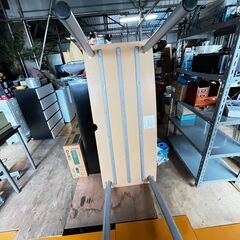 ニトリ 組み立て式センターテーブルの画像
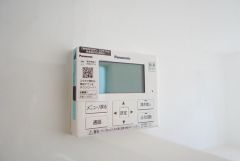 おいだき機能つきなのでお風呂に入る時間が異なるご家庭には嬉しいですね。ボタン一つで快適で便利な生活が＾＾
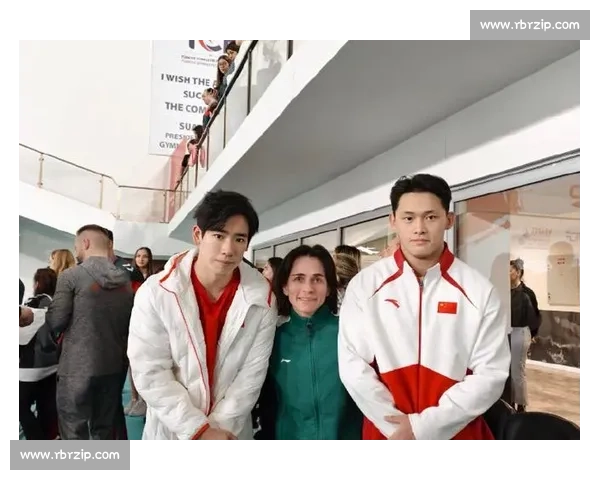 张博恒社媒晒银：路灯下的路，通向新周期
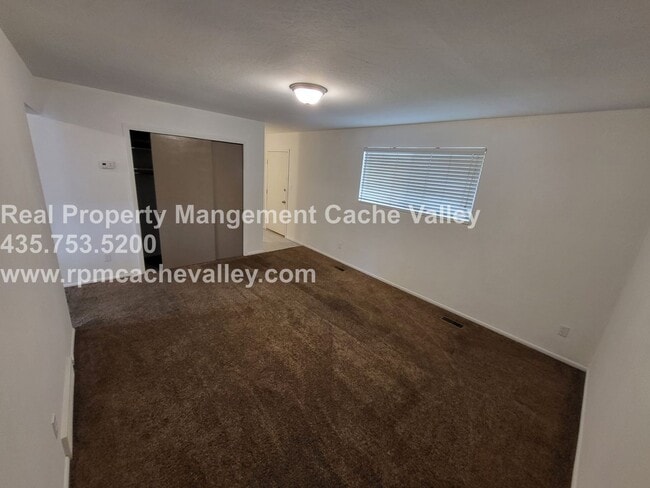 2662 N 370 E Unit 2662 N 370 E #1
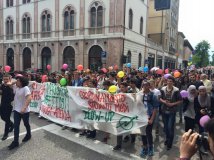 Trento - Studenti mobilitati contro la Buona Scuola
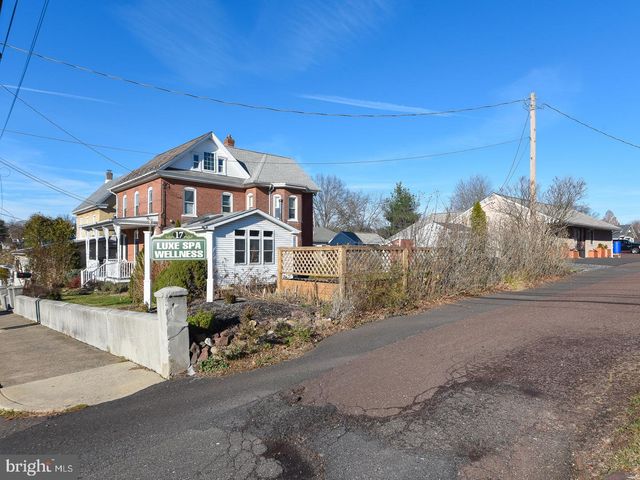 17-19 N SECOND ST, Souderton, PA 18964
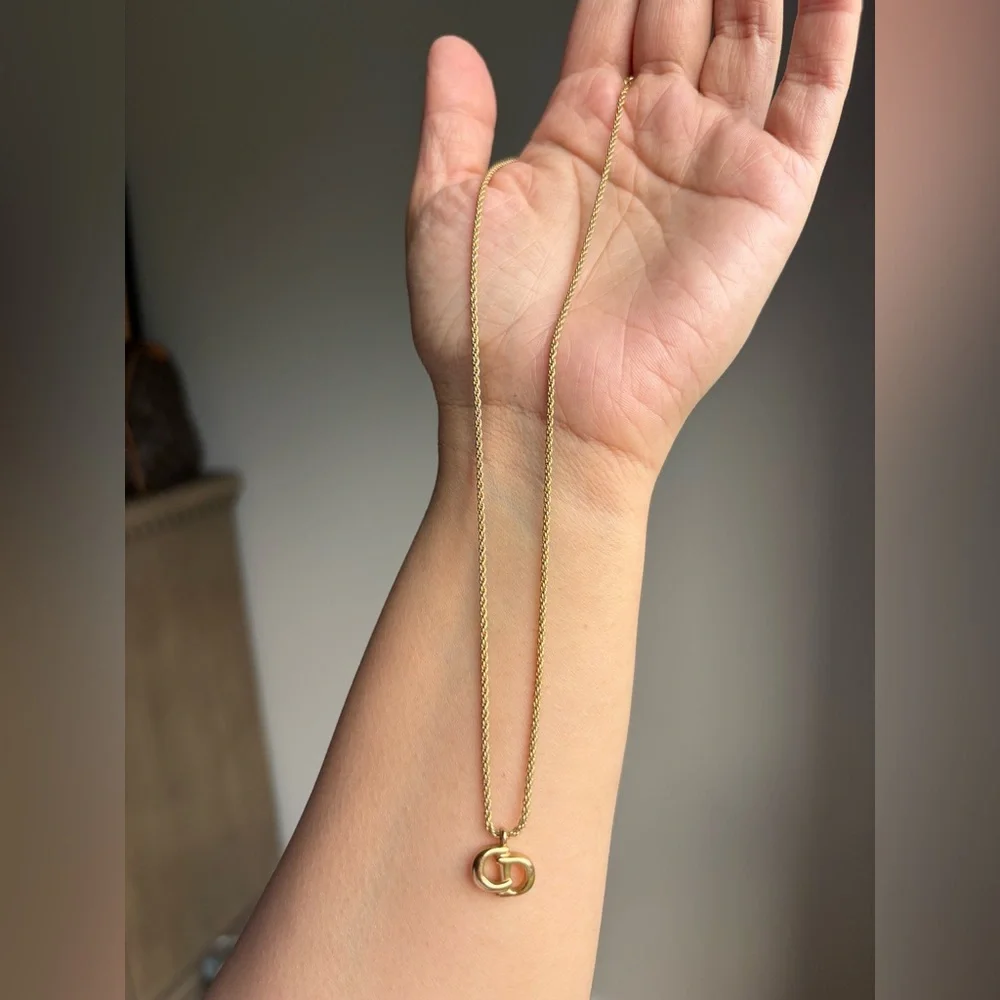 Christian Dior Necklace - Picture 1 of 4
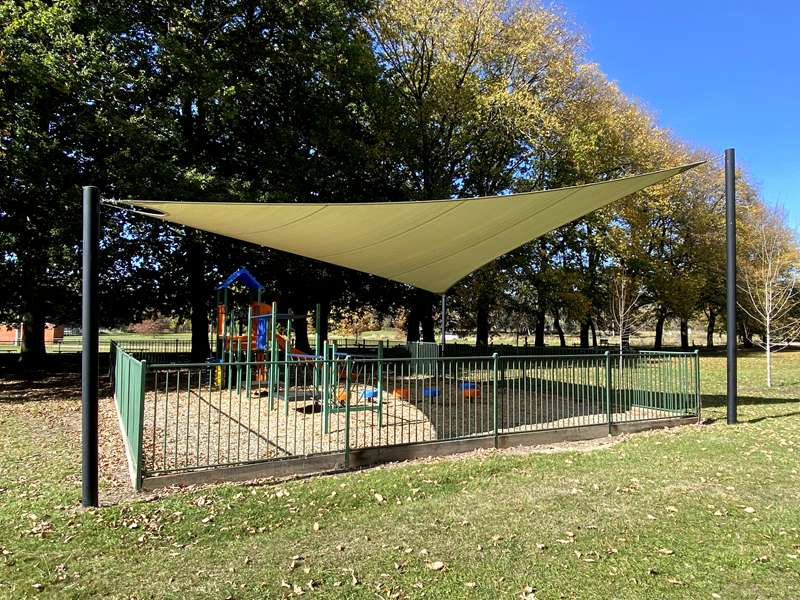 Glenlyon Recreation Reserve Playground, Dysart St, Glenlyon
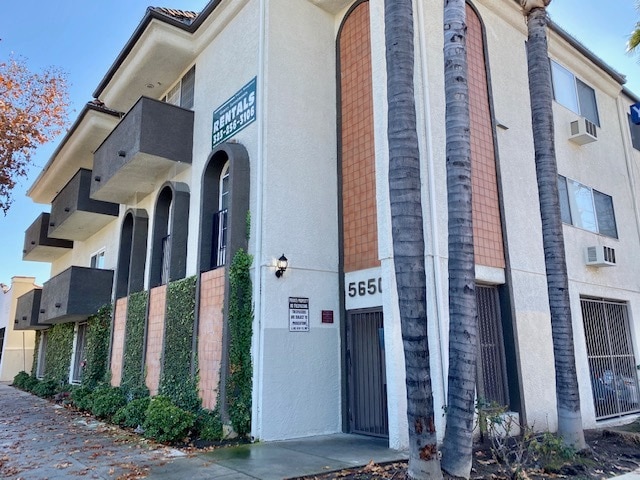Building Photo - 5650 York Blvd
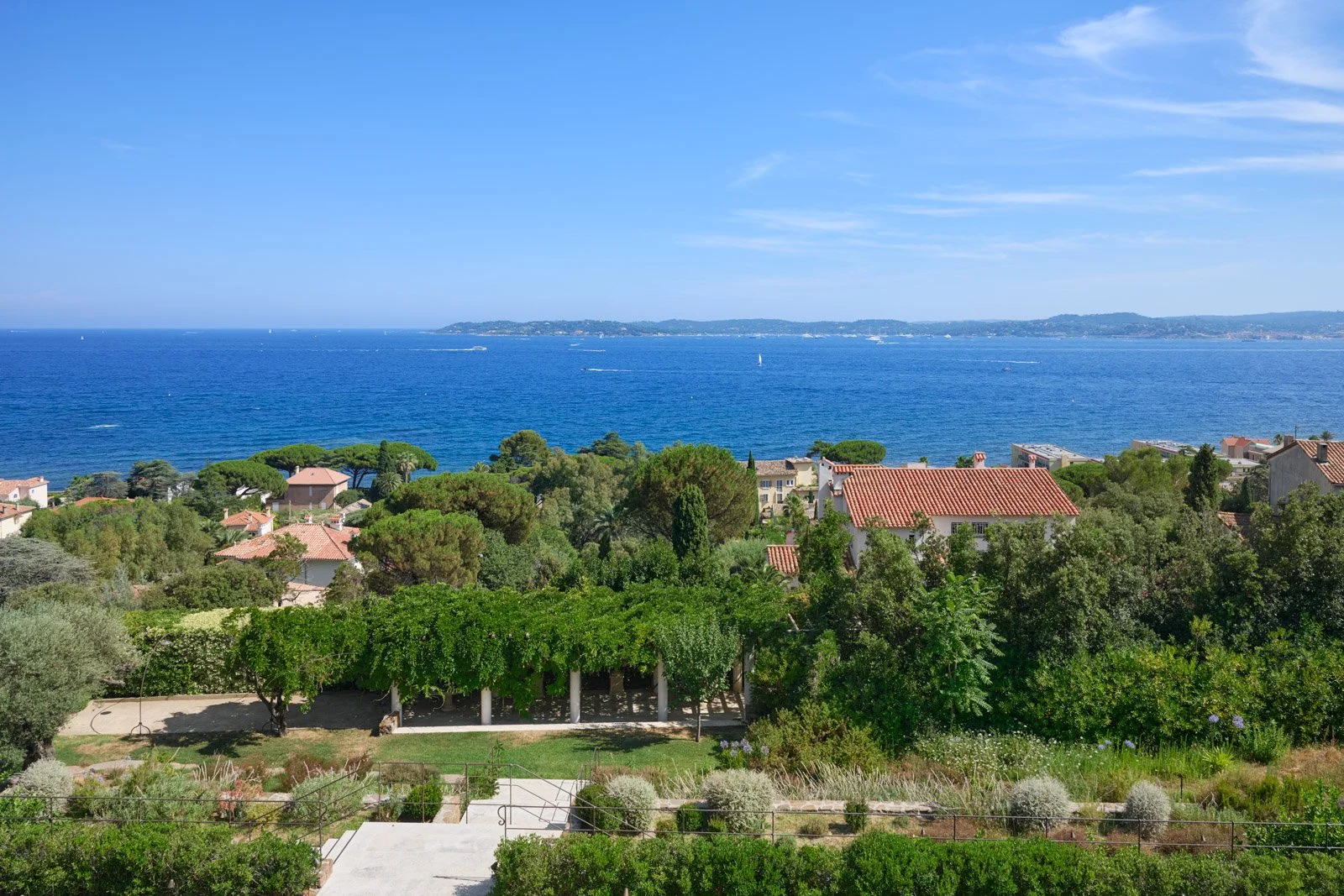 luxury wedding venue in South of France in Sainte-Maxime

#### [Exercise directions]
Would you please write out the entries in full, exactly as they read, but without pictures?

#### [Written answer]
 ニトリ 組み立て式センターテーブルの画像
 おいだき機能つきなのでお風呂に入る時間が異なるご家庭には嬉しいですね。ボタン一つで快適で便利な生活が＾＾
 张博恒社媒晒银：路灯下的路，通向新周期
 2662 N 370 E Unit 2662 N 370 E #1
 Trento - Studenti mobilitati contro la Buona Scuola
 17-19 N SECOND ST, Souderton, PA 18964
 Christian Dior Necklace - Picture 1 of 4
 Glenlyon Recreation Reserve Playground, Dysart St, Glenlyon
Building Photo - 5650 York Blvd
 luxury wedding venue in South of France in Sainte-Maxime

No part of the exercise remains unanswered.